Jason goes to SilentFest--Day 2

I had a long day of work on Friday, but I finally got out in time to make it to the 7:00 show. Now I'm at silent films all weekend. No more thinking about work until Monday...then it'll be a hellacious work week, just in time for Jewfest. But anyway, on to the movies!

THE PATSY (1928): The first movie I saw was a delightful comedy that takes me back to my first experience at the SF Silent Film Festival back in 2008. Let's see what I wrote then (scroll down to the bottom, I put the entire festival in one post):
And the final feature, the comedy "The Patsy" starring Marion Davies and directed by King Vidor. Marion is Patricia Harrington, the little sister of the Harrington family, ruled by a domineering mother (Marie Dressler, also awesome) who clearly prefers her big sister Grace. Pat is more of a daddy's girl, problem is daddy can't stand up to ma. Pat has eyes for Grace's boyfriend, who doesn't even know she exists. Grace is a big flirt and starts canoodling with the local rich playboy, leaving her former beau in the dust. Eventually he actually figures out that Pat is interested, but not before wacky hijinx and uncomfortable mix-ups. And loads of tom-foolery by Davies, including a famous scene of her impersonating other famous female screen legends of the time, that had the house roaring with laughter. An excellent way to end the festival on a high note.
Well, that's a pretty good recapping of the plot (oh yeah, should've come with a SPOILER ALERT!) But it doesn't capture how absolutely hilarious it is. Especially given that Marion Davies is mostly known as Mrs. William Randolph Hearst, unfairly maligned by proxy in CITIZEN KANE, and mostly used in period dramas by Hearst. In fact, she was freakin' hilarious.

And complementing her comedic talents (and those of her co-stars and director King Vidor) was the excellent Mont Alto Motion Picture Orchestra, with a snappy, funny, upbeat score that perfectly matched the tone of the movie.

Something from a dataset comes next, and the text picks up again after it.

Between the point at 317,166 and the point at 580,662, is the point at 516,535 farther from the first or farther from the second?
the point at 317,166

THE GOLDEN CLOWN (KLOVNEN) (1926): Then we ended the night switching from comedy to tragedy in this Danish production, introduced by Czar of Noir Eddie Muller. Gösta Ekman stars as the clown, and was a famous Swedish actor and singer of the time. Oddly, his singing talents play a major role in this silent film. He plays a clown for a small, travelling country theater. He was found as a baby and the note with him was in English so they decided his name was Joe Higgins. He's sweet on the circus princess Daisy, and when he's discovered by a famous Parisian and becomes a star, he finally has the money to marry her. Things look to be great (and for the first 45 minutes or so it looked like it might be a feel-good story about nice circus folk finding the good life.) But instead he and his wife get into a love triangle with a fashion editor who woos her while he's too busy working on his act. She falls for the cad, he falls to drinking, and everyone's life gets destroyed. A real downer of a story, but a magnificently told story (featuring a spectacularly staged "Tower of Clowns" by Danish director A. W. Sandberg.

And the careful balance of circus antics and tragic noir melodrama was accompanied brilliantly by The Matti Bye Ensemble.

Now time for a little rest, I've got 6 shows to see tomorrow, starting with Winsor McKay at 10:00 am.